As the state's almond yield has quadrupled over the past three decades and as some 730,000 acres are under almond cultivation, almond growers thought it was virtually impossible to plant too many trees.
That confidence has waned in the past couple of years, as bad weather made for a disappointing 2009 crop and water shortages bedeviled orchards in the western San Joaquin Valley.
But domestic and overseas shipments of California almonds are still increasing at a brisk pace, said Richard Waycott, president and chief executive officer of the Almond Board of California.
"I think the remarkable thing over the last couple of years has been how we've continued to be able to virtually ship record volumes almost every month," Waycott said.
With plenty of orders to fill and with another possible near-record crop expected for 2010, California may achieve close to 800,000 almond-bearing acres in the next two or three years, he said.
"That may see a little plateau there for a while," Waycott said. "Planting slowed down here the last couple of years as pricing got a little more difficult, with the economic uncertainty and as crop inputs went way up, but we've corrected that a little."

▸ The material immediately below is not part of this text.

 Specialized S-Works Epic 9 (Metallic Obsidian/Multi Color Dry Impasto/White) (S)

California, which produces 80 percent of the world's almonds, was projected to have a 2009-2010 crop yield of 1.35 billion meat pounds, a drop of some 16 percent from the 1.61 billion pounds recorded for 2008-2009.

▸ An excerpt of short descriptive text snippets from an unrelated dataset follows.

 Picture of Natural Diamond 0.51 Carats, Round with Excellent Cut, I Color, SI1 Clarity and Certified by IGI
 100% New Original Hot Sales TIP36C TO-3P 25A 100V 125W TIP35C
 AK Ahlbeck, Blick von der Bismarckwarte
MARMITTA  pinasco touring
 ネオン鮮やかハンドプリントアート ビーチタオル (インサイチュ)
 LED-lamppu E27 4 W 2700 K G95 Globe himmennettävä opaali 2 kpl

However, growers this season are on a pace to ship 1.5 billion or more pounds of nuts, which will deplete the carryover supply to about 200,000 pounds, said Dave Baker, director of member relations for Blue Diamond Growers.
"Currently prices have risen to levels that are reaching profitability for growers after only slumping for about 18 months," Baker said. "Prices are rebounding well due to consumption. We have some new areas in the world such as Indonesia, China, the Middle East ... that are increasing consumption."
Despite the recession, California almond shipments grew by 10 percent in the 2008-09 crop year and are 18 percent higher to date this year than last year, Waycott said. After a glut of almonds pushed prices down, they're now fetching between $2.20 and $3 a pound depending on the variety, Baker said.
Adding to the demand for California almonds is the fact that severe frost in Spain, a chief competitor, has reduced that country's crop potential, he said.
Growers in the Golden State have expected another large crop this year, but they're anxiously waiting to see what impact this year's rain-shortened bloom may have on orchards, Baker said. Nonpareils in particular seem to be the most severely affected, he said.
However, although new plantings in early 2009 dropped to the lowest they'd been in several years, nurseries this year are gearing up as growers are starting to order more trees, Baker said.
"That's normally the case when prices are being sustained at profitable levels," he said. "Growers either replant old orchards ... or expand acreage."